Lo stile mattesco, che gode delle ripetizioni, delle rime, spicca nelle frasi: «Ho lottato, lotto, lotterò fino alla fine, dovessi finire questa lotta col sacrificio». — E nell’altra: «Eccovi, provatevi la repubblica spogliatrice che vuole lemme lemme — affari — e sempre affari — milioni — milioni — e milioni».

E nei Framagnoni per Framassoni; e la Passera (un congiurato) passera; e nel Pericoli è in pericolo,

«Sì, noi assistemmo agli insulti di una stampa mercenaria che ha il coraggio di scrivere insulti sopra insulti, menzogne sopra menzogne, infamie sopra infamie, senza pur un’ombra di verità». — E in «Lombroso pazzo curatore di pazzi, ecc.».

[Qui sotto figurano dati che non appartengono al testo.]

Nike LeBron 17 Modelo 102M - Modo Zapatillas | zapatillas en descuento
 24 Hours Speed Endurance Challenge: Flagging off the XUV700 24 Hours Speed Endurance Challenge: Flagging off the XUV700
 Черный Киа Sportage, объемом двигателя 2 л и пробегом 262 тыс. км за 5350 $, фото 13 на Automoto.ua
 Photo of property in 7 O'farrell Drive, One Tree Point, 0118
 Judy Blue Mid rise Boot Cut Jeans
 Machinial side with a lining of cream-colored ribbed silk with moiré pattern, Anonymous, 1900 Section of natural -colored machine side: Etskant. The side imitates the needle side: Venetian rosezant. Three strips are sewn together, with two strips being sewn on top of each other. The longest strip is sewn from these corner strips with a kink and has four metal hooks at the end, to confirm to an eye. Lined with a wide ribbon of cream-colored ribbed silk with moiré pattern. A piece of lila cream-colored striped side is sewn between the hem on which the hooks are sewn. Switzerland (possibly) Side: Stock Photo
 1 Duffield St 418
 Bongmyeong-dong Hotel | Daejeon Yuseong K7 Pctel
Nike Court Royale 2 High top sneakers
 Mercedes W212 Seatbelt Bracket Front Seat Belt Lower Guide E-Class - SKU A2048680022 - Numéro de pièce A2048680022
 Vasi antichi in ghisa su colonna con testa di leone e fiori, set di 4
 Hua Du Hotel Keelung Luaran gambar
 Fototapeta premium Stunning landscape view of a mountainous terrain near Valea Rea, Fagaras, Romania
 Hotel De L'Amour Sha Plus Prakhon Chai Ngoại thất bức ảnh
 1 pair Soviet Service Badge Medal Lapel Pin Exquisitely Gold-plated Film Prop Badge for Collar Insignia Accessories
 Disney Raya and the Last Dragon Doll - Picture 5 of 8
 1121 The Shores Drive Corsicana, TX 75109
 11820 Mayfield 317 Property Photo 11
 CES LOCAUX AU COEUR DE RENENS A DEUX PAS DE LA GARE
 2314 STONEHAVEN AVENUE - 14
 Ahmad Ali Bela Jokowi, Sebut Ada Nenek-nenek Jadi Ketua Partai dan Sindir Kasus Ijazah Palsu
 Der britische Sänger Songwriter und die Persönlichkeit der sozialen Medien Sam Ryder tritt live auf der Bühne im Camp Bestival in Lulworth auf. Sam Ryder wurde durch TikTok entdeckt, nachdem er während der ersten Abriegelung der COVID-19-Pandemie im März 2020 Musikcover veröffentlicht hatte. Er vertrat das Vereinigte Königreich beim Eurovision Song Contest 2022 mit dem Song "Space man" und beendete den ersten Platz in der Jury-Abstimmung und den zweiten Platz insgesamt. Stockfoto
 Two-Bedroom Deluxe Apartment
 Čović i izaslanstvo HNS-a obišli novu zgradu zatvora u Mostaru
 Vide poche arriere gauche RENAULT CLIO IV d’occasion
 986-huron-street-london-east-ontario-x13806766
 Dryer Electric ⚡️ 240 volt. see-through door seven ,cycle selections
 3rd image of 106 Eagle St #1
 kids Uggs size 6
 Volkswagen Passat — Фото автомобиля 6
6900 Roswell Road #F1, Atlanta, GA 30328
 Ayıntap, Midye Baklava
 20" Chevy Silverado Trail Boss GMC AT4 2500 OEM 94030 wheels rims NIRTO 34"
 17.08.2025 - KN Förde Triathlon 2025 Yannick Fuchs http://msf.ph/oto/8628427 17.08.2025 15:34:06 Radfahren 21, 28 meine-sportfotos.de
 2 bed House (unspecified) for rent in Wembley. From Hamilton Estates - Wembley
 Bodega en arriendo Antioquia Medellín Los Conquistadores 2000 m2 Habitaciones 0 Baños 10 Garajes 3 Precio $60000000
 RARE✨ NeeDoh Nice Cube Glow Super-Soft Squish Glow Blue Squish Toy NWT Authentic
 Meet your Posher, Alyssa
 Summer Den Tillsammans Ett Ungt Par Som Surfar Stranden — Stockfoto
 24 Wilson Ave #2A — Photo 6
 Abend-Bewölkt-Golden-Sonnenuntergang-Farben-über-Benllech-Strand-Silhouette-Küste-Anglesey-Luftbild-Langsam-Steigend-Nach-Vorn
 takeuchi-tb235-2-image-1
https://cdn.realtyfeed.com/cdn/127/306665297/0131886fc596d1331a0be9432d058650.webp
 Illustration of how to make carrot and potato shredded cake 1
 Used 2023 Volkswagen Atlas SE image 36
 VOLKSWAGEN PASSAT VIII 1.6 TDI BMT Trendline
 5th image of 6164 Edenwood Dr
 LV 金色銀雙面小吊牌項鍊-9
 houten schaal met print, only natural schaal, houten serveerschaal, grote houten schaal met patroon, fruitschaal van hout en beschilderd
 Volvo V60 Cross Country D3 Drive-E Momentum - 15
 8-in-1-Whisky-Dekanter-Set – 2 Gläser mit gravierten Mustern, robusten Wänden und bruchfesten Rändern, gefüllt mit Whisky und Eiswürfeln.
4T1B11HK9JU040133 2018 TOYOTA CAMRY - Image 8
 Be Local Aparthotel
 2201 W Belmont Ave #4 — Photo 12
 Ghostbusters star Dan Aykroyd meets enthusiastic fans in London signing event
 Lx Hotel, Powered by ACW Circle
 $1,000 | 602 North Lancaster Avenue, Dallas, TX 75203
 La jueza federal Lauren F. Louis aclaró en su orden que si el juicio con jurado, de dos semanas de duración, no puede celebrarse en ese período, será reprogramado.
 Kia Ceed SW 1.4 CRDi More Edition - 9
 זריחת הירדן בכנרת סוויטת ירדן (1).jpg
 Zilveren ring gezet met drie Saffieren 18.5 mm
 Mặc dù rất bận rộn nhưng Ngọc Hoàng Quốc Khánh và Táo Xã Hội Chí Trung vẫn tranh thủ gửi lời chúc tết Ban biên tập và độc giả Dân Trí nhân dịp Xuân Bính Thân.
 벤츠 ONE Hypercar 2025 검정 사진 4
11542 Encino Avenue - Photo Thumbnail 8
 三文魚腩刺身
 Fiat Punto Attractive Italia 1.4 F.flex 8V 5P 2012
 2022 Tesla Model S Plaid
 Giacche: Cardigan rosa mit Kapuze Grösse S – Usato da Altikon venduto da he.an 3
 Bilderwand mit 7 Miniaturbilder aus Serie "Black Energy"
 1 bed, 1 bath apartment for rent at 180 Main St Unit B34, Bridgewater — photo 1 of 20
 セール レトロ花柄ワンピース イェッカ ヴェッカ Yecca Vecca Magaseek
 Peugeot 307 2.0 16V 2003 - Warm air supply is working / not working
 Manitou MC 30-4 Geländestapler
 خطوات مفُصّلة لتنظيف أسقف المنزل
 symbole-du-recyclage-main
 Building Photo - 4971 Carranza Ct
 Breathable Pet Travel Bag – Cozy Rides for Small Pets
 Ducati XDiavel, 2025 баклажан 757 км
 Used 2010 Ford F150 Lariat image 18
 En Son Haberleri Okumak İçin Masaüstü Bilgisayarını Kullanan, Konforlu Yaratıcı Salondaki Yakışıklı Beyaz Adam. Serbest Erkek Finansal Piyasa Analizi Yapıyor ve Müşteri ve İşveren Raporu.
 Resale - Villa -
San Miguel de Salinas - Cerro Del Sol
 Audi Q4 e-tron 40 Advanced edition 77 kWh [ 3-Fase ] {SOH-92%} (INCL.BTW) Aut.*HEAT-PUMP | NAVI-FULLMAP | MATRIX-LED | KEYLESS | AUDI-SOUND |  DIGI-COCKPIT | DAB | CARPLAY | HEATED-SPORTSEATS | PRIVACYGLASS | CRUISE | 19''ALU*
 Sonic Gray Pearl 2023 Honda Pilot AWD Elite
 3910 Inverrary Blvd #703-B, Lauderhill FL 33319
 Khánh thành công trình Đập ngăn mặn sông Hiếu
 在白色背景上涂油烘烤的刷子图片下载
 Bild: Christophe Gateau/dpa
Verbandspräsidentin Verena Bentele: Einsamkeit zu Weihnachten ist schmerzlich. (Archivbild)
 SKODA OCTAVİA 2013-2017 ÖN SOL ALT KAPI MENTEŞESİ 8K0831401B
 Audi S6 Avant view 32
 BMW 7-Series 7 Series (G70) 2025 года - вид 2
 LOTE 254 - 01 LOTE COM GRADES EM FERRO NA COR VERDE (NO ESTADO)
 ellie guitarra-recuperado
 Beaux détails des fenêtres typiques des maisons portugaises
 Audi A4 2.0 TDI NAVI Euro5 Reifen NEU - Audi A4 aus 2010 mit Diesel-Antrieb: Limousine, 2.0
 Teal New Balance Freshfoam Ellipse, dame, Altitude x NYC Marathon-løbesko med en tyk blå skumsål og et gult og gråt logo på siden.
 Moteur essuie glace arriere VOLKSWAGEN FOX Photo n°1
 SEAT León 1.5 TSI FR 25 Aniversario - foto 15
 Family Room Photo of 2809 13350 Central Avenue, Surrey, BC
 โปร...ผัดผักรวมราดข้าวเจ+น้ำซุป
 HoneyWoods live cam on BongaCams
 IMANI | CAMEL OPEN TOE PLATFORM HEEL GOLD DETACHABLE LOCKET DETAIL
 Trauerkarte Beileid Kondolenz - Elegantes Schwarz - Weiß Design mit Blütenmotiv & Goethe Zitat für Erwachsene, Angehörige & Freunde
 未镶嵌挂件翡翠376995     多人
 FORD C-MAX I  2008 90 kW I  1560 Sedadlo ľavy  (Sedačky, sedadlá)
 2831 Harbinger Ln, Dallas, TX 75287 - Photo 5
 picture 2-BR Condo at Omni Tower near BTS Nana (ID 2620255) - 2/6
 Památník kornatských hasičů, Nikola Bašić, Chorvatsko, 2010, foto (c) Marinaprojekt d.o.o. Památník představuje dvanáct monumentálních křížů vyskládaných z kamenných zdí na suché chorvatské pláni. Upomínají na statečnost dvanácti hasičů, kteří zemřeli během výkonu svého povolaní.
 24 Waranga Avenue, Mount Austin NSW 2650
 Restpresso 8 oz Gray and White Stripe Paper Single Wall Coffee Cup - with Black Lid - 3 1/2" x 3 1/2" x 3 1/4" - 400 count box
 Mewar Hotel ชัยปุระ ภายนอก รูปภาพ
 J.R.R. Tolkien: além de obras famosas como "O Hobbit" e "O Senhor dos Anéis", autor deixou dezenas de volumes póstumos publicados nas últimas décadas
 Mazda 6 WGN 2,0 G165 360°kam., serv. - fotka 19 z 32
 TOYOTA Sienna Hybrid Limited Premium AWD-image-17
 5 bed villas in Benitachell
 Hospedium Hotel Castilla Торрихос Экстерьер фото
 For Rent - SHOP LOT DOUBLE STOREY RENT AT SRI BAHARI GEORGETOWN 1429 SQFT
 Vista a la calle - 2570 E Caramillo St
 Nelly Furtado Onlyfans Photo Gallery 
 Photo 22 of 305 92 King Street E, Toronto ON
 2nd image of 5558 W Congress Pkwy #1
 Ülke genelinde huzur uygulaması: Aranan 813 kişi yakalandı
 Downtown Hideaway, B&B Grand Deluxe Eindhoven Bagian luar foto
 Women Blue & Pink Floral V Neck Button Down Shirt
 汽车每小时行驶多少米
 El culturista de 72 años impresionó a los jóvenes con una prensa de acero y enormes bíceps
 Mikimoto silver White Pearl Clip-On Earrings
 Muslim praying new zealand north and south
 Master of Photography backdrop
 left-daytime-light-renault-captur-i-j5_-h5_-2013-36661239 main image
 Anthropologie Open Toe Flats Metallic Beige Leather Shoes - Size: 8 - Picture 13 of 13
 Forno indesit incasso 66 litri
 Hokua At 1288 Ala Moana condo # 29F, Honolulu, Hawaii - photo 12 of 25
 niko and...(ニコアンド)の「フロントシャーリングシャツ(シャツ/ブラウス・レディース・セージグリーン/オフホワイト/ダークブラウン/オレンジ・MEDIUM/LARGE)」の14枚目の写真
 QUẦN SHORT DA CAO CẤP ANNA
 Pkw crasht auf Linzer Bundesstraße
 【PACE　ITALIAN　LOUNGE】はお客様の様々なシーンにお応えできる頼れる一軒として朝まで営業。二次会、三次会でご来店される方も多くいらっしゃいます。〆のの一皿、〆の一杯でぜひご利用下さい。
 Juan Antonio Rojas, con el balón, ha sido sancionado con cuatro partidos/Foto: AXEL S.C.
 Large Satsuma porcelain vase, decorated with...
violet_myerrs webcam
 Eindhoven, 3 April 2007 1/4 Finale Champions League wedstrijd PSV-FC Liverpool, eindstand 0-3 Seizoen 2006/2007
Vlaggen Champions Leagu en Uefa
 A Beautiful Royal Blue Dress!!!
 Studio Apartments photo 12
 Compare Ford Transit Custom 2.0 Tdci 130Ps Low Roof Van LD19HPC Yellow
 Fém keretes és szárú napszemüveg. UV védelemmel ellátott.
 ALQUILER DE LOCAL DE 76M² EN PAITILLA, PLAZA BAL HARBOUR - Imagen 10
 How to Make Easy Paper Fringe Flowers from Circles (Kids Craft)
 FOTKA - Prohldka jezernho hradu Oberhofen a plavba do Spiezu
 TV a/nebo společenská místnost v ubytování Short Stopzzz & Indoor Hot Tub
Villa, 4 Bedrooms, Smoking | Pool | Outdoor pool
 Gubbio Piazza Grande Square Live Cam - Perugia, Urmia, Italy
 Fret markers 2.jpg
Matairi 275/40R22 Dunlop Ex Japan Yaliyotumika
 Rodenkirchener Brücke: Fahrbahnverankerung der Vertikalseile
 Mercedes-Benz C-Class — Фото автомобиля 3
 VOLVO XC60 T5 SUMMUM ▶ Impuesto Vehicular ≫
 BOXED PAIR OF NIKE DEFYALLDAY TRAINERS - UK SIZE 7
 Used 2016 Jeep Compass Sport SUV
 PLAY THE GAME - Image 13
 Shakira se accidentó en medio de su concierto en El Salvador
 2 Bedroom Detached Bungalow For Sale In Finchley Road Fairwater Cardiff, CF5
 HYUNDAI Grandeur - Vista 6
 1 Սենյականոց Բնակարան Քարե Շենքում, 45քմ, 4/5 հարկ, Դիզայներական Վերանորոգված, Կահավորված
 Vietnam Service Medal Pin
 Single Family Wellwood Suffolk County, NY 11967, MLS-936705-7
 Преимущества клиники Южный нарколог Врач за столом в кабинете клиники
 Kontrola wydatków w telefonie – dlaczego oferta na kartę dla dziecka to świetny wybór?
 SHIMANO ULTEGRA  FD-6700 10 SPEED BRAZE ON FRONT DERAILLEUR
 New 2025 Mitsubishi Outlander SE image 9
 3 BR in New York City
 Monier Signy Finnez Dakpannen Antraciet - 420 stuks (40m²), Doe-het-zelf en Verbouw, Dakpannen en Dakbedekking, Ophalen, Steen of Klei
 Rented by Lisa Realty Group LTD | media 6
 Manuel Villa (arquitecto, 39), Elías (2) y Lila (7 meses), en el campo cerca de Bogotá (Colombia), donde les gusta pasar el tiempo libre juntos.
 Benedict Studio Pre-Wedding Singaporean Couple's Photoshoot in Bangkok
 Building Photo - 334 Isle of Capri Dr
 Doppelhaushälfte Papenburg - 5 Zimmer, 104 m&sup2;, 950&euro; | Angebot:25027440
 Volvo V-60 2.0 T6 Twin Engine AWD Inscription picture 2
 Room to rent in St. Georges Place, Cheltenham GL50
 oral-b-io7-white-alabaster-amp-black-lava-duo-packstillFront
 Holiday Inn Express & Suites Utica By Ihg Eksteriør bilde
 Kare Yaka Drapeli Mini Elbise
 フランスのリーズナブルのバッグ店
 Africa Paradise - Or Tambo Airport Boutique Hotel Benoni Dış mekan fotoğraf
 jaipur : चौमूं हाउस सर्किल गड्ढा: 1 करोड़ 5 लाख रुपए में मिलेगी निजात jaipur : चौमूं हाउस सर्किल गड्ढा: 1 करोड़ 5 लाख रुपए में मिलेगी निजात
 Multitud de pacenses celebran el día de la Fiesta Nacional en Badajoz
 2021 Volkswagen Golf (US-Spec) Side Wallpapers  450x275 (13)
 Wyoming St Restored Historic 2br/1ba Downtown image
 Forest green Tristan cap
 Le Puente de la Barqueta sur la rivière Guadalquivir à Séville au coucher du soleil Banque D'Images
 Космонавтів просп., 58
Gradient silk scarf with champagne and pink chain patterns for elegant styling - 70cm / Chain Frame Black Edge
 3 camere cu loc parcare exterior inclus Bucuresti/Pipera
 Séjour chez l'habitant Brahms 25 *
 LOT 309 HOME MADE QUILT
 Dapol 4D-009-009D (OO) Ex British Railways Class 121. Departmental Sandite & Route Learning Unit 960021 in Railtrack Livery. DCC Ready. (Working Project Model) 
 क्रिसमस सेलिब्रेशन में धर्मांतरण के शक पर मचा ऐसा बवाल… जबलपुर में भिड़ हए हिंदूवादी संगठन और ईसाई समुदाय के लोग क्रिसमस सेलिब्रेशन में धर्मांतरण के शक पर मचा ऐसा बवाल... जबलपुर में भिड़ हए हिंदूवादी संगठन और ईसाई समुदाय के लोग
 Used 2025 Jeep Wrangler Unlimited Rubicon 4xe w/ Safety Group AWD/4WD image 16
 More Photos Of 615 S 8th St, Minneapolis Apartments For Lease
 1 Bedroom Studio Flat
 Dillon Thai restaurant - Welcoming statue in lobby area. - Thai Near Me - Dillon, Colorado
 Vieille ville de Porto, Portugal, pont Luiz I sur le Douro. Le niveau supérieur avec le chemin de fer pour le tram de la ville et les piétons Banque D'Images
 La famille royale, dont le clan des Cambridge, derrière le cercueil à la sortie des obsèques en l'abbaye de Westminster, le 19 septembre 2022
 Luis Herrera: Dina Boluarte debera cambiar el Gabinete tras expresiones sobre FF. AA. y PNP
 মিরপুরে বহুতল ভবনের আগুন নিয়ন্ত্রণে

Spicca ancora in alcune frasi di suo conio, stereotipate, ripetute le centinaia di volte, come per esempio Giraffa, troglodite e i guenoni, applicate ai suoi nemici, che non hanno in fondo nessun significato nemmeno odioso; e nell’intitolazioni strane de’ suoi articoli; come le cannonate di Coccapieller e quei birri di Napoleone III che egli applica ad individui che non avevano avuto il più lontano rapporto con Napoleone, individui che lavorarono a pro o contro del paese quando Napoleone era non solo caduto dal trono, ma perfino sepolto e dimenticato.

Tutti questi caratteri si vedono negli scritti dei mattoidi. Se uno in un caffè guarda in cagnesco Mangione, o se un altro nel fornirgli de’ mattoni ne dimentica una dozzina, egli pone ciò in concatenazione colle persecuzioni di Varapodio.